**What you should do**
Among the entries below, find the line with "Hand holding UV" and the line with "وبینار علمی تفسیر ABG". Return exactly those lines and every line between them, but no pictures.

**Records for the task**

* * * * * * *

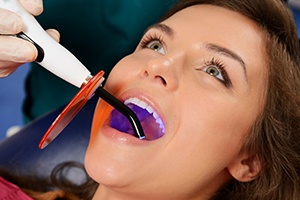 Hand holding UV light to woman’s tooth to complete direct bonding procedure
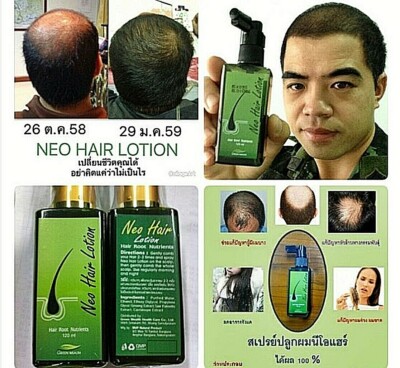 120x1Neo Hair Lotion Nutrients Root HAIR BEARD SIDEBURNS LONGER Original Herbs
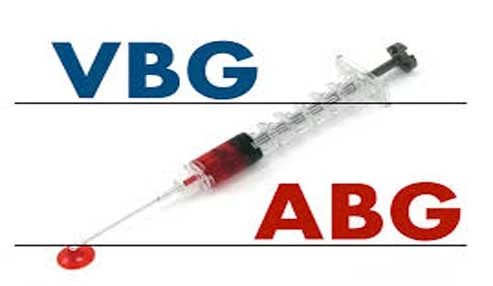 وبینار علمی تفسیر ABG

* * * * * * *

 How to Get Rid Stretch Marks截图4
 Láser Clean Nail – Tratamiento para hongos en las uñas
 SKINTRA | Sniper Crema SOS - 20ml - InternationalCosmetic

* * * * * * *

**Exercise result**
 Hand holding UV light to woman’s tooth to complete direct bonding procedure
 120x1Neo Hair Lotion Nutrients Root HAIR BEARD SIDEBURNS LONGER Original Herbs
 وبینار علمی تفسیر ABG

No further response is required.